Pac-10 Commissioner Larry Scott told reporters this week the league will explore expansion, and who are the candidates?
"Fundamentally, institutions would have to be a fit academically, culturally with the Pac-10," Scott said.
Locally, some wonder if this culture statement is some kind of code word meaning a religious school like BYU would not fit in a liberal-minded league. (See Brad Rock's column Friday).
I enlisted some help from some of the nation's top sports journalists to help define Pac-10 culture.
John Feinstein is a columnist for the Washington Post, The Sporting News and Golf Digest and bestselling author of "A Season on the Brink" and "A Good Walk Spoiled." He not only knows Pac-10 athletics but is an expert on the ACC and has known Scott for decades.
"The perception is the Pac-10 culture is the same as any conference where the first consideration for any team in expansion is how much money are they worth. That is the culture: How much money will they bring?" said Feinstein.
Is the Pac-10 so steeped in liberalism that it would keep out a conservative program like BYU?
"Maybe in the West it could be taken as being more liberal, but I'm liberal, and I don't even think in those terms," said Feinstein. "I've known Larry Scott a long time, and any time a commissioner starts talking about academics and culture, I start reaching for my wallet. It's always the bottom line. It's not just true of the Pac-10 and Larry Scott but every conference and commissioner.
"To me, there are only two reasons for the Pac-10 to expand, and that's to get Texas. Then, if they got Texas, they could take NYU if they wanted and make money, obviously. Or, if they feel adding two teams is worth adding the money for a conference championship in football. To me, the obvious twins would be BYU and Utah, if they could convince them.
"There is a lot of talk in the Big Ten of expansion, if you have to divide 12 instead of 10 with a championship, that's something the accountants would have to figure out," Feinstein continued. "I would have to see that, because the Pac-10 is the only one left of the big six conferences to have a true round robin in basketball. Without a round robin, the ACC is just awful; it isn't the same league."
Is "culture" a code word for anti-religion, a strike against Mormons?
"That's possible," said Feinstein. "Again, in college athletics, anybody fits if they're going to make you money. For example, in the ACC, Duke and North Carolina State couldn't be more different culturally and yet they are natural geographical rivals and have been in the same league forever. If you look at most conferences, you will find schools that are completely different than others.
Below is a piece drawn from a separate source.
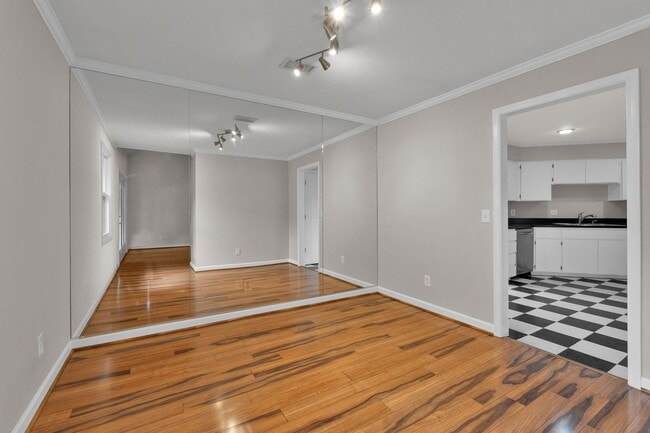 Building Photo - **A RARE FIND - GREEN HILLS CONDO WITH QUI...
It's competition and how you match up. Northwestern doesn't fit culturally with anybody in the Big Ten, it's just kind of there, a fish out of water in that league for some time.
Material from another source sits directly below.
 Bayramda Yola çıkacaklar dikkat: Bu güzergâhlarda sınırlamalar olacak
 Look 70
"You can go through every conference and wonder how schools mix. How they fit is on the court or football field. They're all counting up their money.
"The only two leagues I can say where all the schools are pretty much lined up academically and culturally are the Ivy League and Patriot League, and I don't think that is the model the Pac-10 is looking for."
T.J. Simers, a columnist with the Los Angeles Times, didn't offer me a definition of what Pac-10 culture is. Instead, he declared: "I am all for adding more teams to the Pac-10 under any circumstances — anything that might allow UCLA to maybe win some more conference games. It might be the Bruins' only shot."